美しいウソを子どもについて、現実を遊びの世界にしてしまって云々(あとは観て)という話に対して、本作『ジョジョ・ラビット』はジョジョが妄想のヒトラーの力を借りて、青少年集団「ヒトラーユーゲント」という世界を生き抜く(というと大げさ)物語。つらい・悲しいことや野蛮なことが繰り広げられるんだけども、そこを「ユーモア」「笑い」という視点で見つめている。この点で、『ライフ・イズ・ビューティフル』に構造が似ていると思うのだ。
主人公ジョジョはたくましく生きている、エルサもたくましい。お母さん(スカーレット・ヨハンソン)もまたたくましい。クレツェンドルフ大尉(サム・ロックウェル)も力強くたくましい。誰もが、自分の信念のようなものの方向に向かって進んでいくイメージ。
僕が大人になって、おっさんになった今(50歳ね)、戦争なんてもう起こることはないと思っていたし、どっちかというと、宇宙人の襲撃を想定して地球連邦みたいな一致団結感があるのかなと思っていたが。
が、しかし、どんな戦争も教訓にはなりえず、それぞれの主張のもとで、仕返しを延々とし続ける。

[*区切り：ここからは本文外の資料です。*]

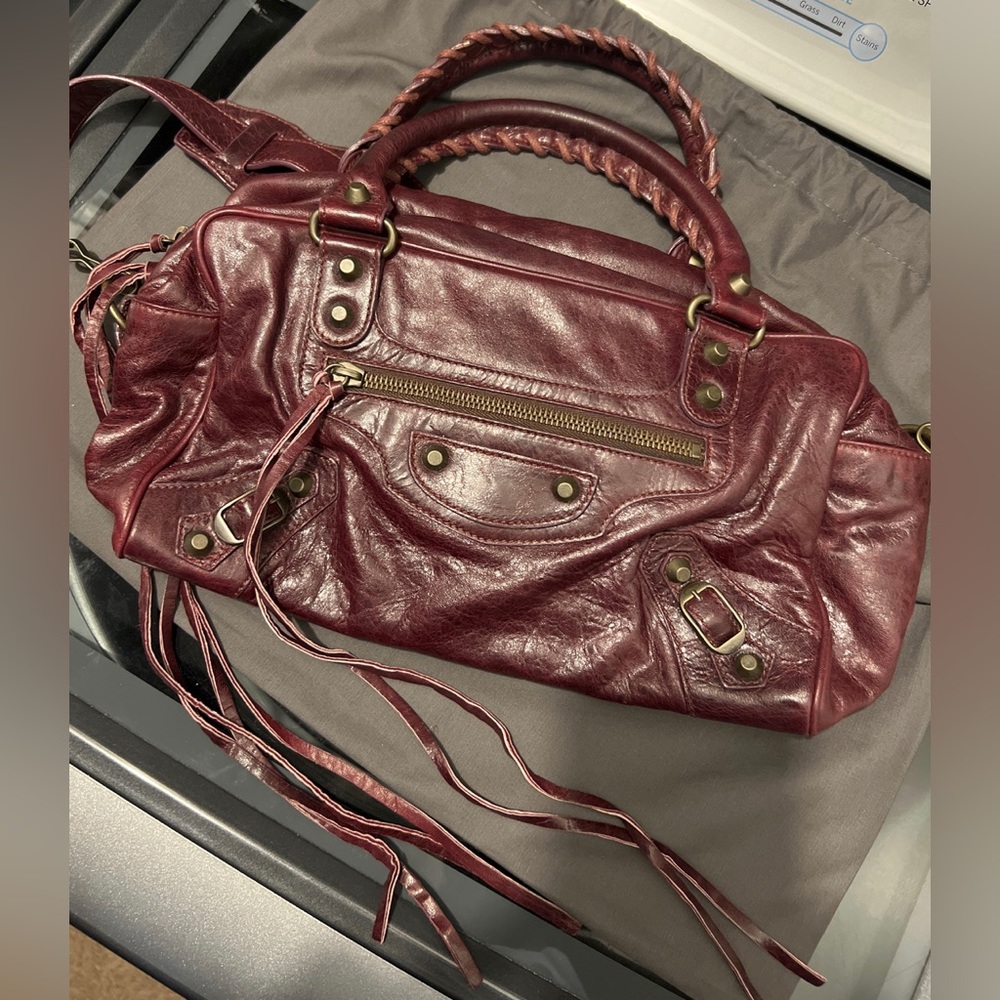 🛑SOLD🛑 Balenciaga Box Bag, Chèvre Bordeaux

僕だって自分の家族になにかあれば、その何かを引き起こした相手を憎むだろう。それが個人の犯罪ではなく、戦争という形での実体のない犯人や犯罪ならば、その相手の国や相手の民族を憎まないとはいえない。この辺表現難しいですね。
つまり、戦争が起きちゃうと、人間が冷静ではいられないということ。この映画が伝えたいことは、戦争は愚かですよ、ということに尽きるんだと思う。その後に希望のようなものがあったとしても、それまでのことは誰もやり直せない。死んだ人は生き返らないということ。
どうにも、やりきれないものがそこにドローッと溶けて広がっている。踏んだらいけない何かが目の前に広がっている、それが戦争のイメージ。
ジョジョが成長していく様は、映画的にも見える(都合がいい)。なんでかなーと思って考えてみると、ベニーニと同じく、観せたいところを中心に考えて構成した映画のように感じるからだ。
映画はカットとカットの間に、観客の想像の余地(イマジナリーライン)が設定されていて、まぁ余白のようなもの。場合によっては余韻みたいなものだけど、なんとなくそのイマジナリーラインの両サイドを囲っている感じがした。観ている側の心の動きが、多少ブレたとしても、全員観て心が進む方向が同じみたいな。わかります?この感じ。
そういう意味では、観るスタンスにあまりいろんな余地はなくて、思うところは皆同じみたいになりそうな映画だなーと。
悪くはないし、そういう映画は家族で観て、似た感想を共有することで、一体感が生まれるというものだもの。そういう意味でエンタメ要素があるわけじゃないけど、アトラクション的な映画かもしれない。
ラストシーンから五年後が知りたくなるおすすめの一作『ジョジョ・ラビット』、ぜひご鑑賞くださいませ。